What is required: The pictures in the data below are to be omitted; all else must be duplicated exactly.

──────── Supplied data ────────

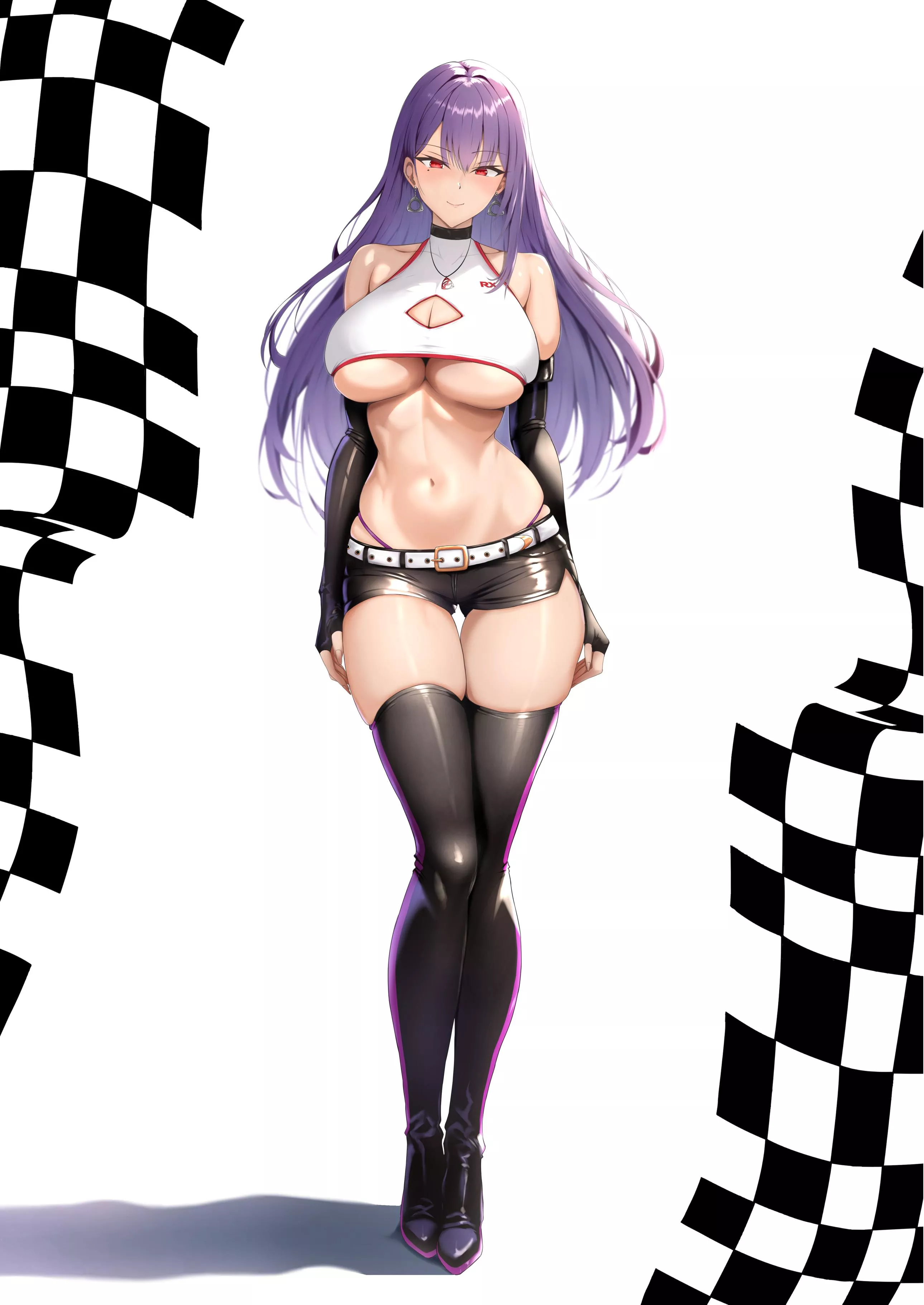 Race Queen  posted by CheetahSperm18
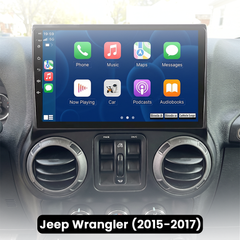 <h2>Jeep Wrangler 15-17 ραδιόφωνο 10,1" με Apple CarPlay και Android Auto</h2> 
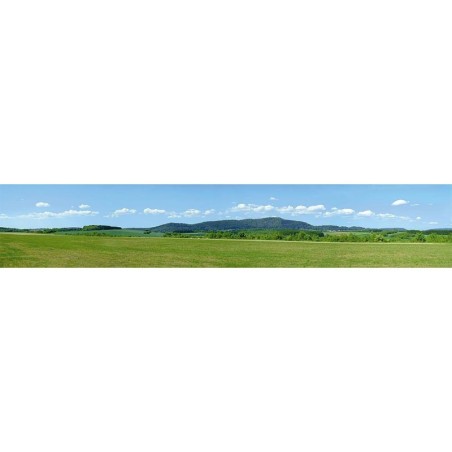 FONDO DE PAISAJE VERANO CON MONTAÑAS" FALLER 180505"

────────

Problem solution:
 Race Queen  posted by CheetahSperm18
 <h2>Jeep Wrangler 15-17 ραδιόφωνο 10,1" με Apple CarPlay και Android Auto</h2> 
 FONDO DE PAISAJE VERANO CON MONTAÑAS" FALLER 180505"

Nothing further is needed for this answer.